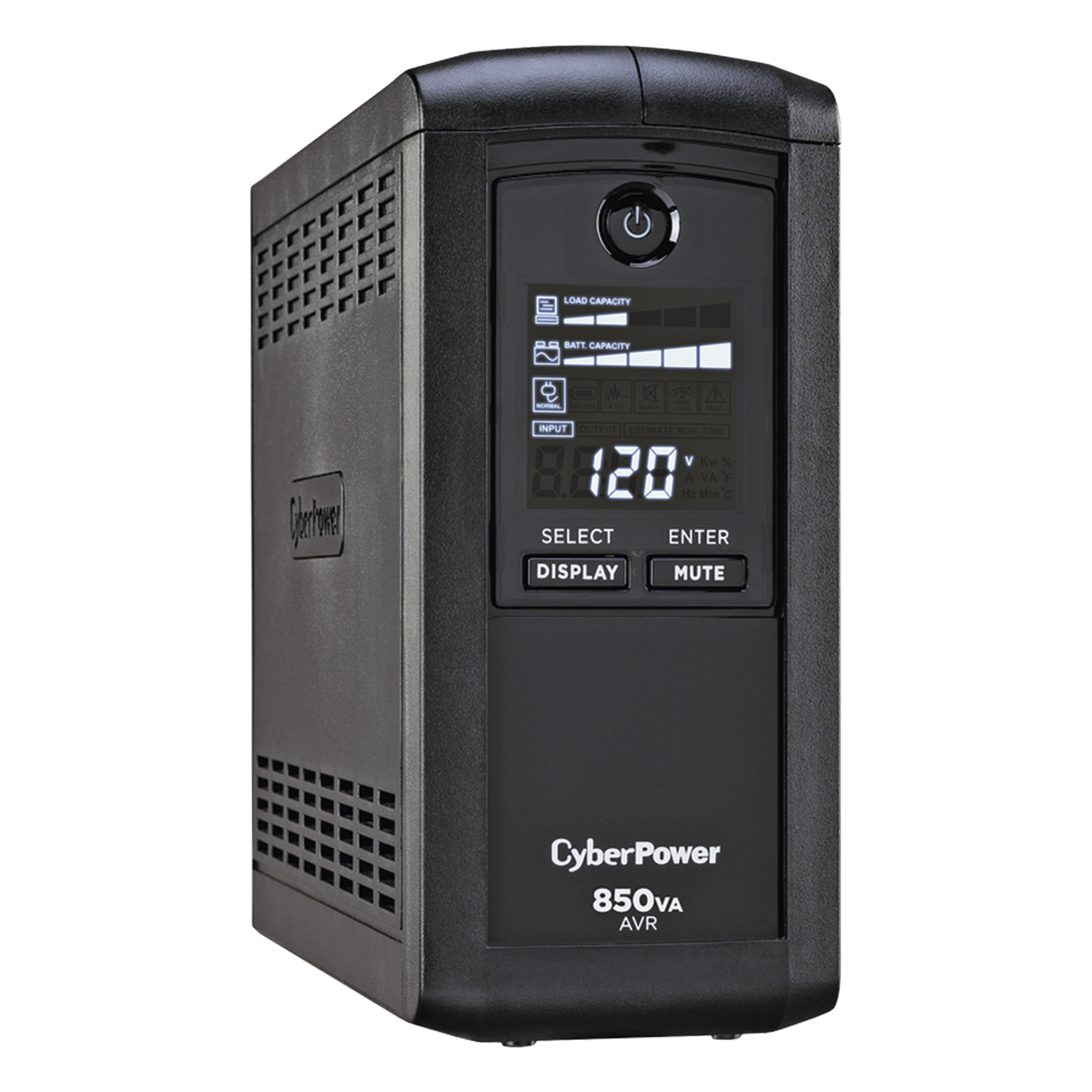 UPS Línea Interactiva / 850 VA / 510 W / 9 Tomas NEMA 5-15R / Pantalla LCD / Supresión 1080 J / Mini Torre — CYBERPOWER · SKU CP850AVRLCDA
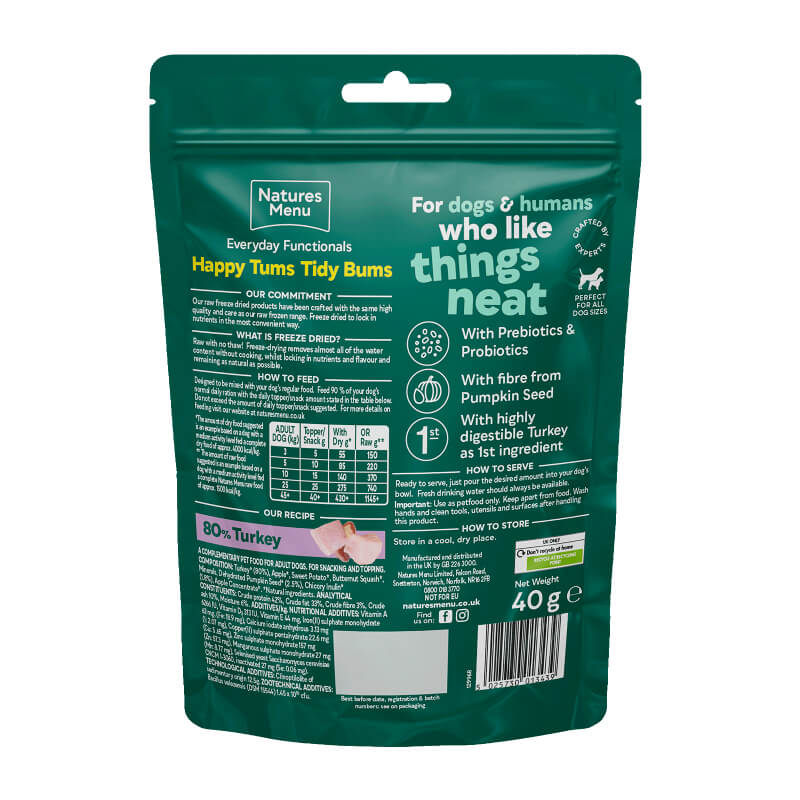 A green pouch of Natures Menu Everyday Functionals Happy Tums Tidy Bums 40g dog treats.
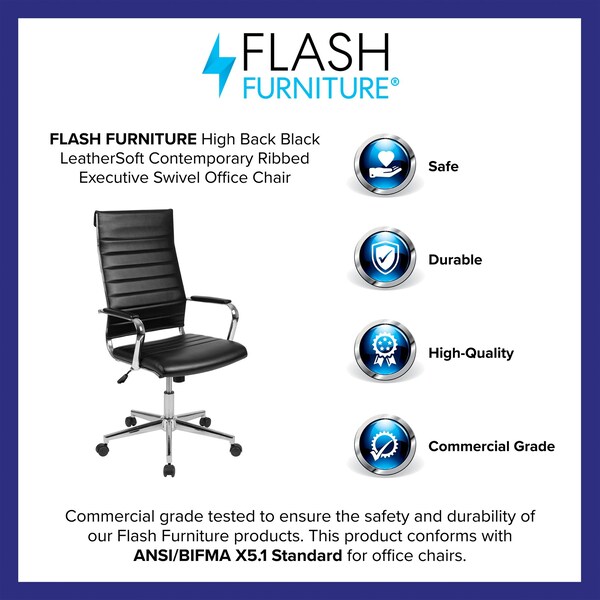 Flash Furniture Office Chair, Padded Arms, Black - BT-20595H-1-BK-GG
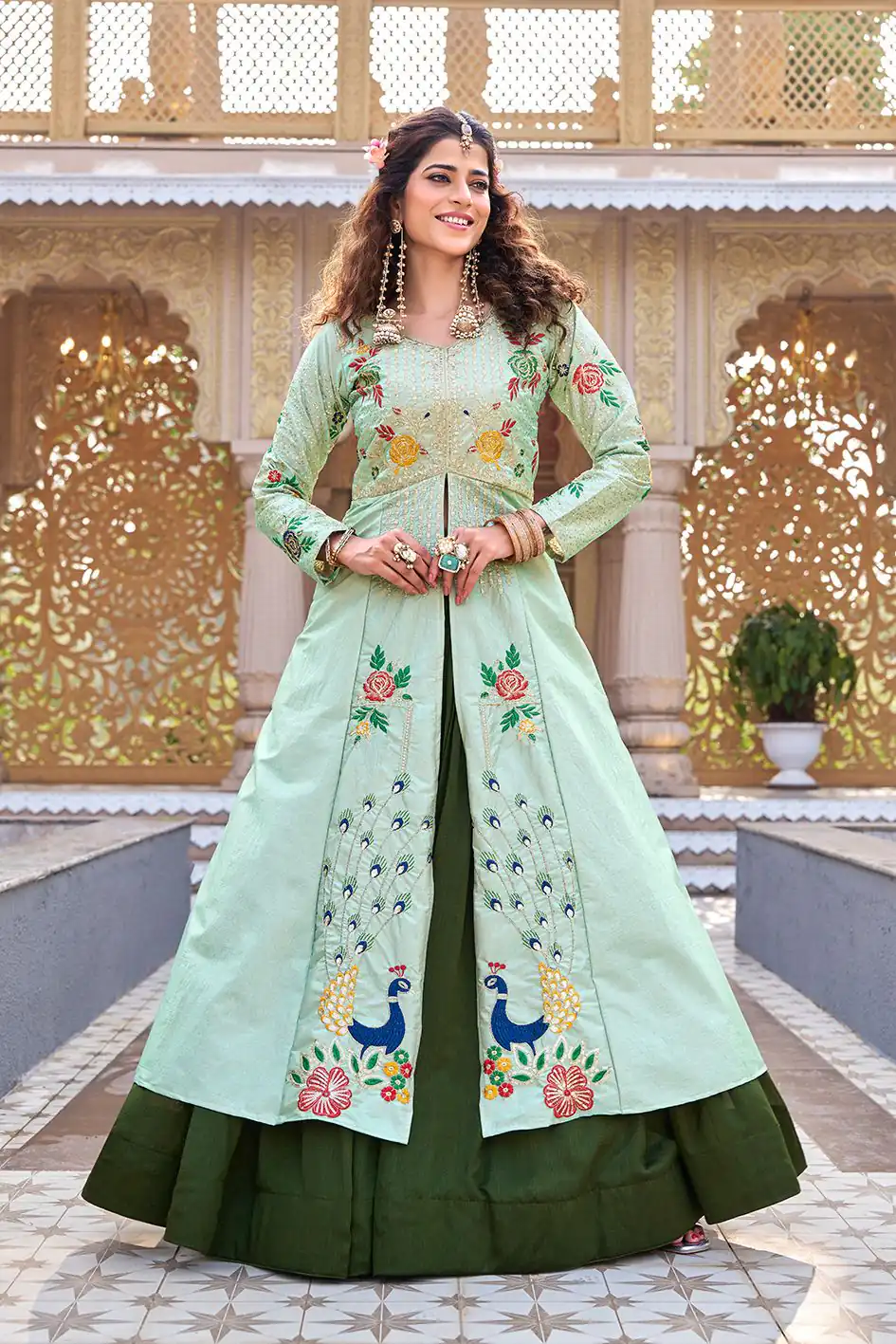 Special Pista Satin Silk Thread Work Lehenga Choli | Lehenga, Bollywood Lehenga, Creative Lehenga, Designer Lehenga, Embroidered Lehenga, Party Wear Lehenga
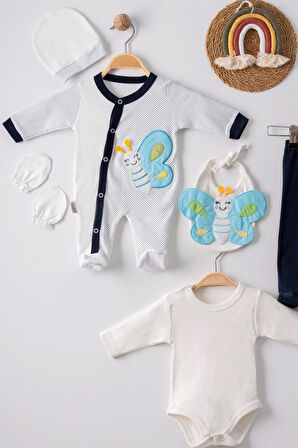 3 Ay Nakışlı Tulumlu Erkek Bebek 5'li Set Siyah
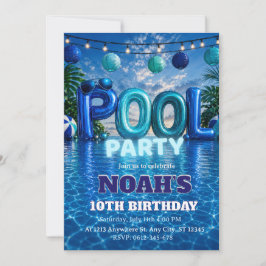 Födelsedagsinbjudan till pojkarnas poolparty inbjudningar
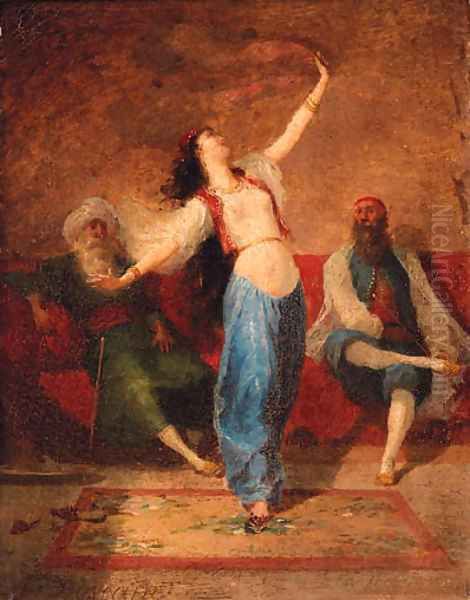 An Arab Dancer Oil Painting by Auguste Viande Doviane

Work task
Without the pictures, copy the material exactly as given.

Solution to the exercise
 UPS Línea Interactiva / 850 VA / 510 W / 9 Tomas NEMA 5-15R / Pantalla LCD / Supresión 1080 J / Mini Torre — CYBERPOWER · SKU CP850AVRLCDA
 A green pouch of Natures Menu Everyday Functionals Happy Tums Tidy Bums 40g dog treats.
 Flash Furniture Office Chair, Padded Arms, Black - BT-20595H-1-BK-GG
 Special Pista Satin Silk Thread Work Lehenga Choli | Lehenga, Bollywood Lehenga, Creative Lehenga, Designer Lehenga, Embroidered Lehenga, Party Wear Lehenga
 3 Ay Nakışlı Tulumlu Erkek Bebek 5'li Set Siyah
 Födelsedagsinbjudan till pojkarnas poolparty inbjudningar
 An Arab Dancer Oil Painting by Auguste Viande Doviane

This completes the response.